I am writing a compiler in attempt to switch my programming language from interpreted to compiled
this is the code my script generated:
section .bss
digitSpace resb 100
digitSpacePos resb 8
string_at_index_0 resb 12
string_at_index_0_len resb 4
section .data
section .text
global _start
_start:
mov rax, "Hello world"
mov [string_at_index_0], rax
mov byte [string_at_index_0_len], 13
mov rax, 1
mov rdi, 1
mov rsi, string_at_index_0
mov rdx, string_at_index_0_len
syscall
mov rax, 60
mov rdi, 0
syscall
when i run this code with nasm -f elf64 -o test.o test.asm
i get this warning:
warning:character constant too long [-w+other]
can anyone help me with this , and also if anyone could suggest a better way to output a Hello world that would be helpful too!
mov rax, "Hello world"
RAX is an 64-bit (8 byte) register, you are trying to put 11 bytes into it.
If you want to store immediate data to memory, you can mov rax, imm64
to put 8 bytes into RAX and then push it or store it. Or you can push "hi!"
as a 32-bit immediate if you want.
Here is a simple hello world:
As can be seen you don't want to put the message inside the register, you want to put a pointer to the message into rsi.
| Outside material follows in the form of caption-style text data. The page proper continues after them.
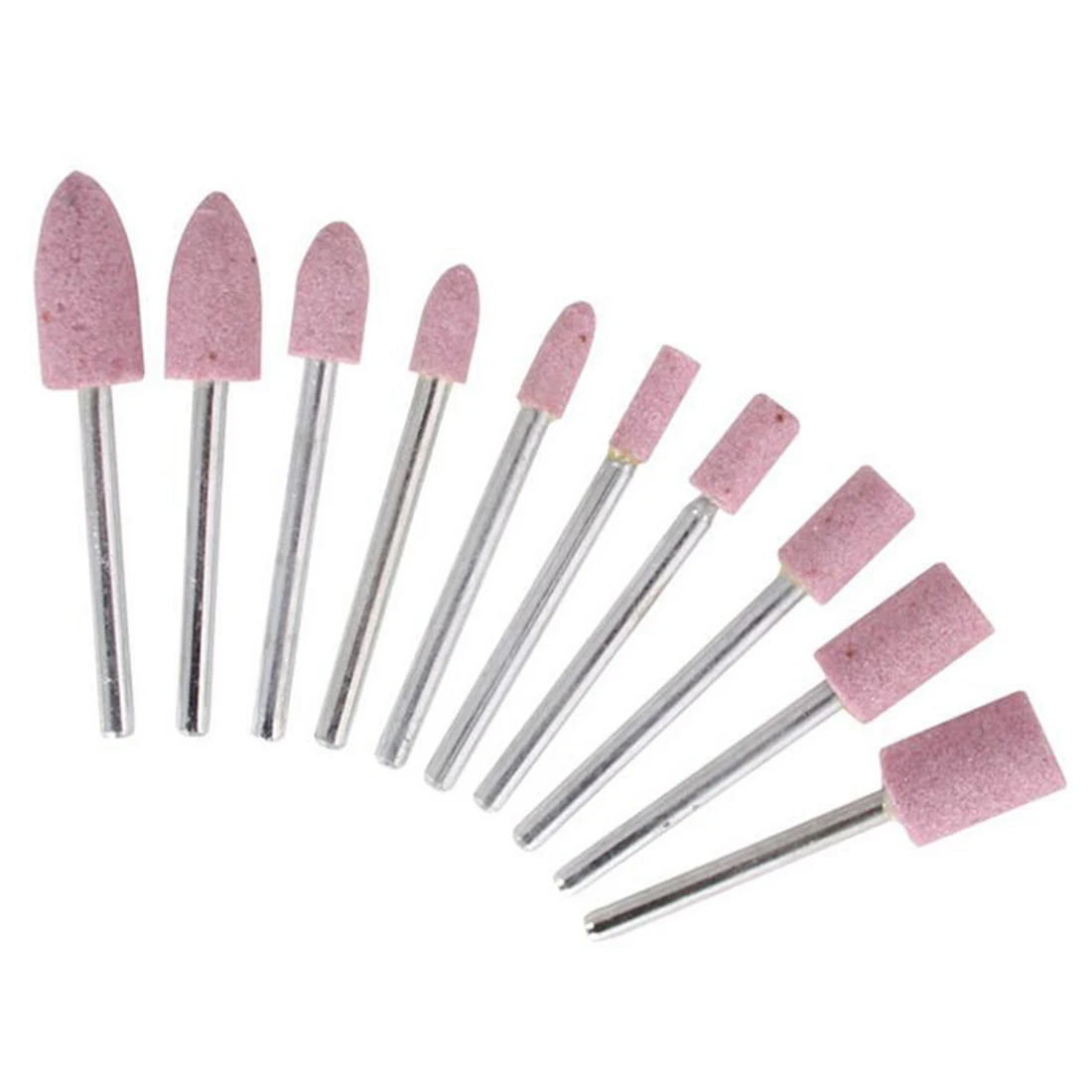 

1PC Abrasive Mounted Stone Points Electric Grinding Accessories Polishing Head Wheel Tool For Dremel Rotary Power Tools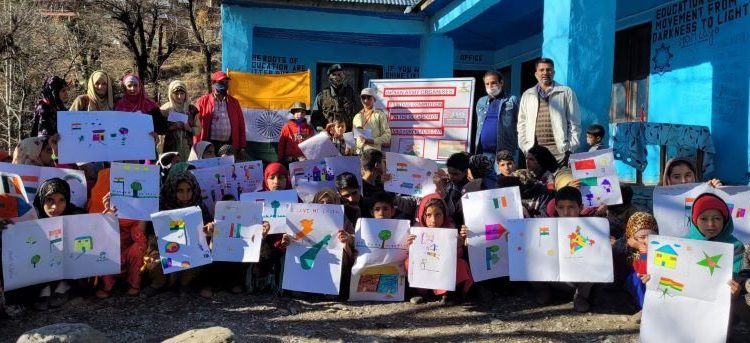 Ramban: Army organises painting competition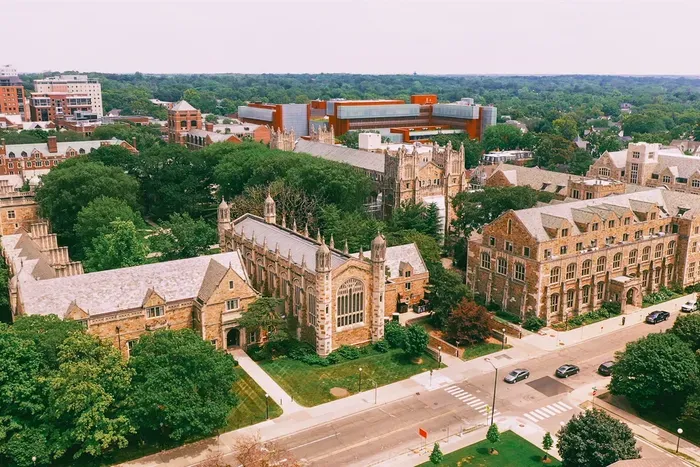 University of Michigan Law Quad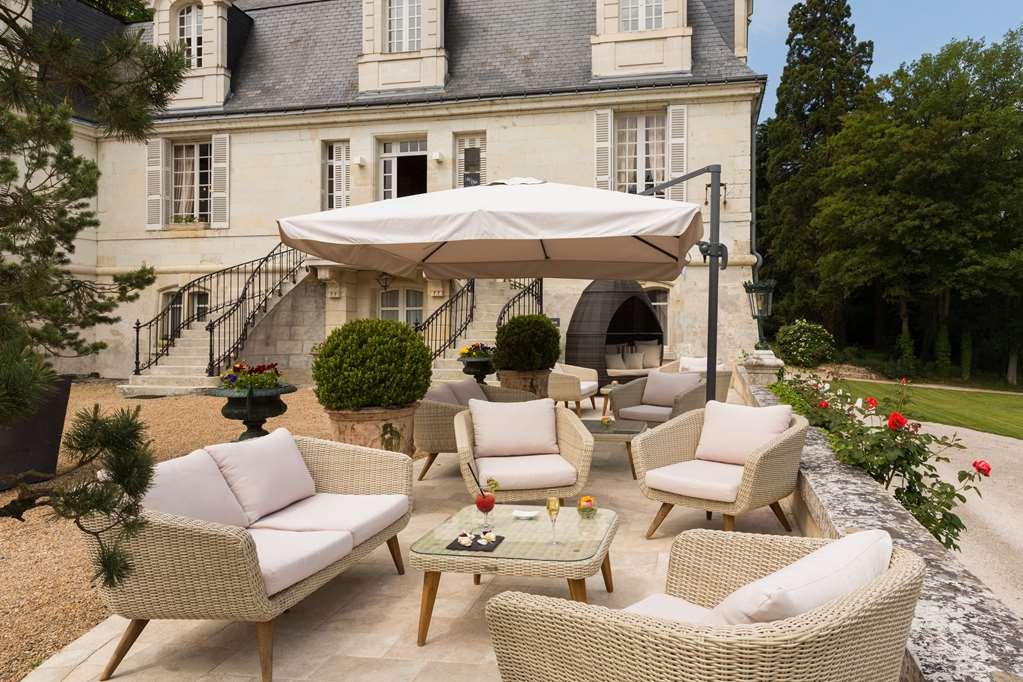 Chateau De Beaulieu Et Magnolia Spa, The Originals Relais Joué-lés-Tours Buitenkant foto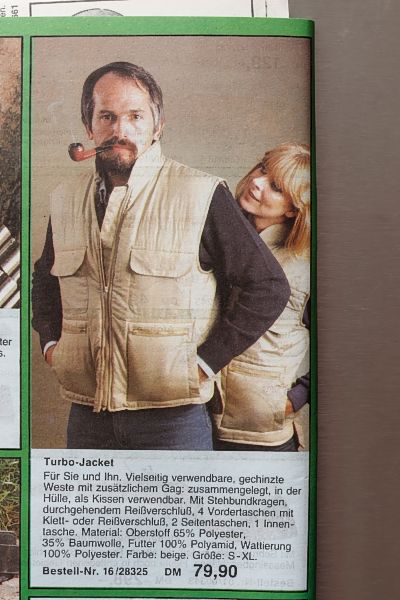 Turbo-Jacket, für echte Männer und Frauen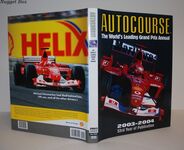 Autocourse 2003 - 2004 The World's Leading Grand Prix Annual Additional Image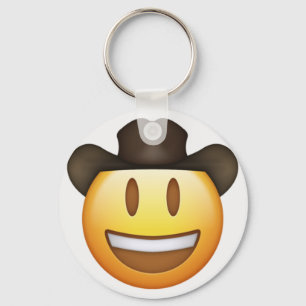 Chaveiro Cowboy Emoji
Since the message is constant, you might as well start with it in a data section instead of an immediate, so you don't have to run instructions at run-time to store it.
section .data ; or .rodata
msg: db "Hello World", 10 ; including a `\n` newline
.len equ $ - msg ; assemble-time constant
; equivalent to
; msg.len equ 12 ; because the distance between here and the start of msg is 12 bytes.
section .text
global _start
_start:
mov rax, 1 ; write call number, __NR_write from asm/unistd_64.h
mov edi, 1 ; to stdout
mov rsi, msg ; pointer to message
mov rdx, msg.len ; length of the message that we defined earlier
syscall ; write(1, "Hello World\n", 12)
mov eax, 60 ; __NR_exit
xor edi, edi
syscall ; _exit(0)
Ideally, your compiler should place string literals in the .rodata
section (read-only data) and pass pointers to them when using them in functions.
See also How to load address of function or label into register - mov rsi, msg
is the least efficient way to do that, despite being the most "obviously" and simple.